──────── Dataset extract
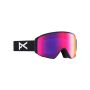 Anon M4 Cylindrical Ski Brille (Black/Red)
────────────────
──────── Dataset extract
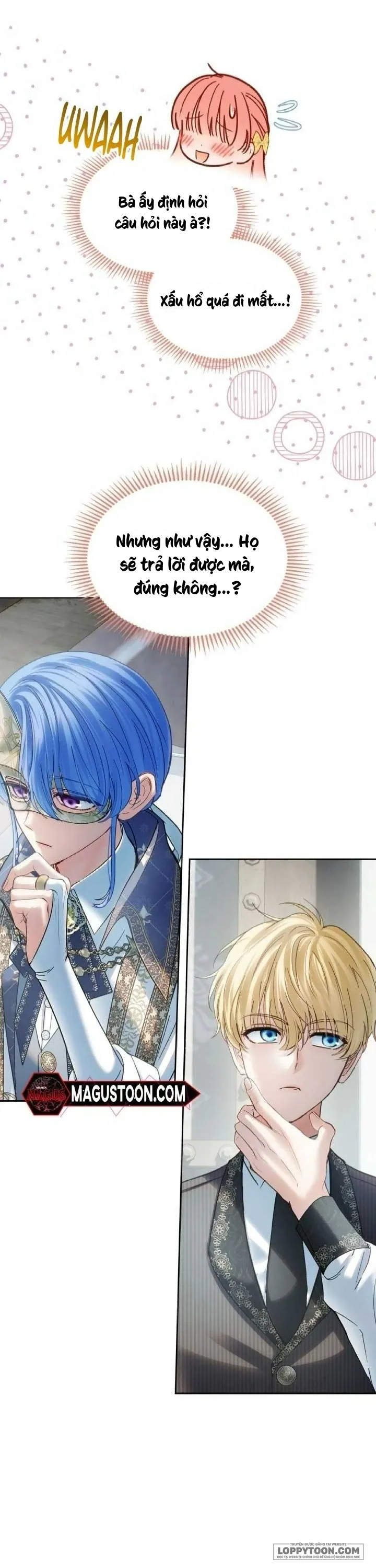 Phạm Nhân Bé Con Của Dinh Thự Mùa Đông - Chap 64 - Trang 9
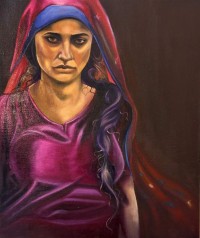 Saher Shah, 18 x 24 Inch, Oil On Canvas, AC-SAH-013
────────────────
──────── Dataset extract
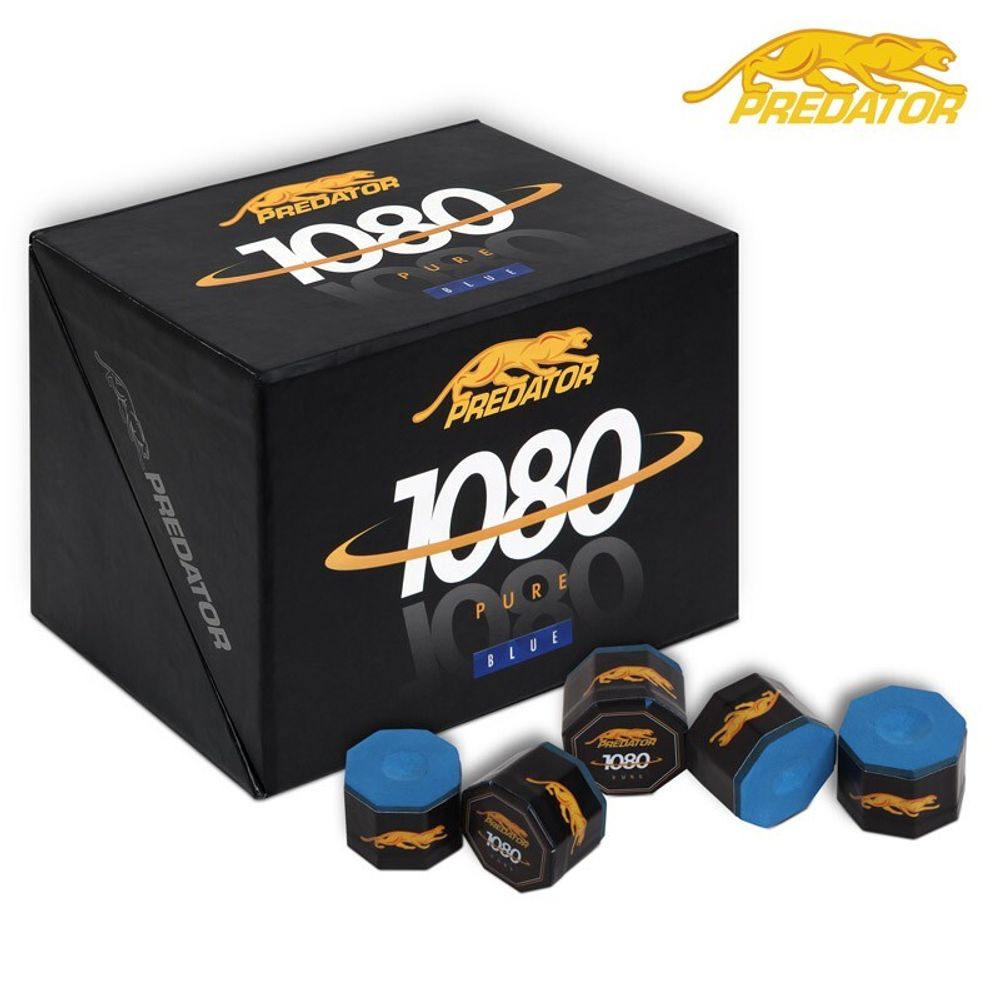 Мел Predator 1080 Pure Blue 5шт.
────────────────
Return word for word the lines of the listing above, starting at the line with "Phạm Nhân Bé" and ending at the line with "Saher Shah, 18", both included. Pictures do not belong in the copy.

### Task solution
 Phạm Nhân Bé Con Của Dinh Thự Mùa Đông - Chap 64 - Trang 9
 Saher Shah, 18 x 24 Inch, Oil On Canvas, AC-SAH-013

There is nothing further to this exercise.